The distinction matters because the terms are often used loosely.

Regression splines place knots directly, typically at evenly spaced or quantile-based locations.
Smoothing splines use a roughness penalty and treat the fit differently from the outset.

This page is about regression splines, which is the relevant framework for crs.

A simple starting point: the basis view

It helps to think of the regression function as a linear combination of basis functions.

## A spline regression function is a linear combination of basis functions
g(x) = beta_1 B_1(x) + beta_2 B_2(x) + ... + beta_K B_K(x)

The flexibility comes from the basis functions B_j(x), while the regression problem is still linear in the coefficients beta_j.

Why B-splines are attractive

B-splines are appealing because they are numerically stable, local, and easy to differentiate. Compared with raw polynomials, they behave much better in practical regression work.

The main tuning choices are:

polynomial degree,
number of interior knots,
location of the knots,
whether constraints or derivatives are needed.

Knots

Knots are the breakpoints that define the polynomial pieces.

With no interior knots, a spline reduces to a much simpler special case.
With interior knots, the fit can adapt across regions of the covariate space.
Uniform knots divide the range into equal-length segments.
Quantile knots place breakpoints so that the data are more evenly distributed across intervals.

Quantile knots are often attractive in applied work because they avoid wasting too much flexibility in sparse regions.

A simple basis illustration in R

The older primer included recursive code showing how a B-spline basis can be built. For practical work in crs, the simpler way to see the basis functions is to use the package helper directly.

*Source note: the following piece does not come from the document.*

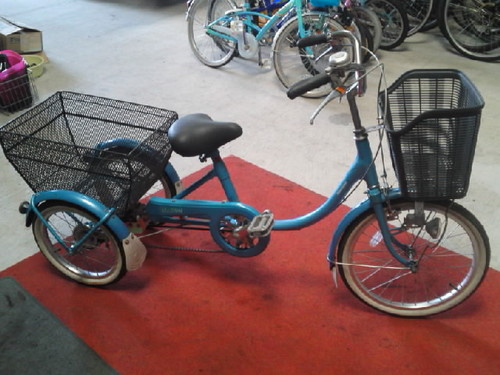 値下げ！！格安整備済自転車14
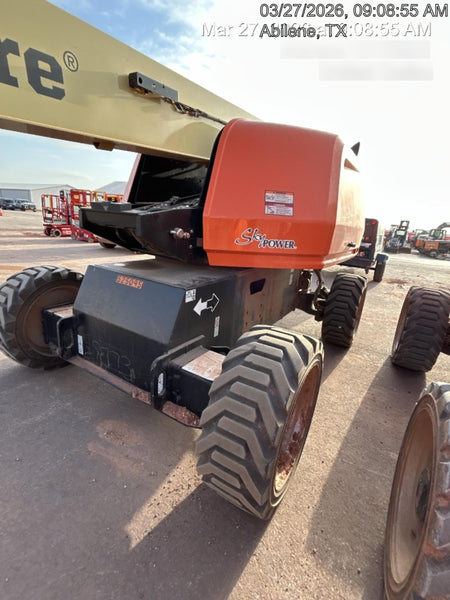 2025 JLG 660SJ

## Build and plot a small cubic B-spline basis directly
library(crs)

x <- seq(0, 1, length = 1000)
B <- gsl.bs(x, degree = 3, nbreak = 5, intercept = TRUE)
matplot(x, B, type = "l", lwd = 2)

This produces the basis functions for a cubic spline with interior knots implied by nbreak = 5.

From basis functions to regression

Once the basis is built, spline regression is just least squares on that basis expansion.

## Regress on the spline basis, then overlay the fitted curve
set.seed(42)
x <- seq(0, 1, length = 500)
y <- sin(2 * pi * x) + rnorm(length(x), sd = 0.1)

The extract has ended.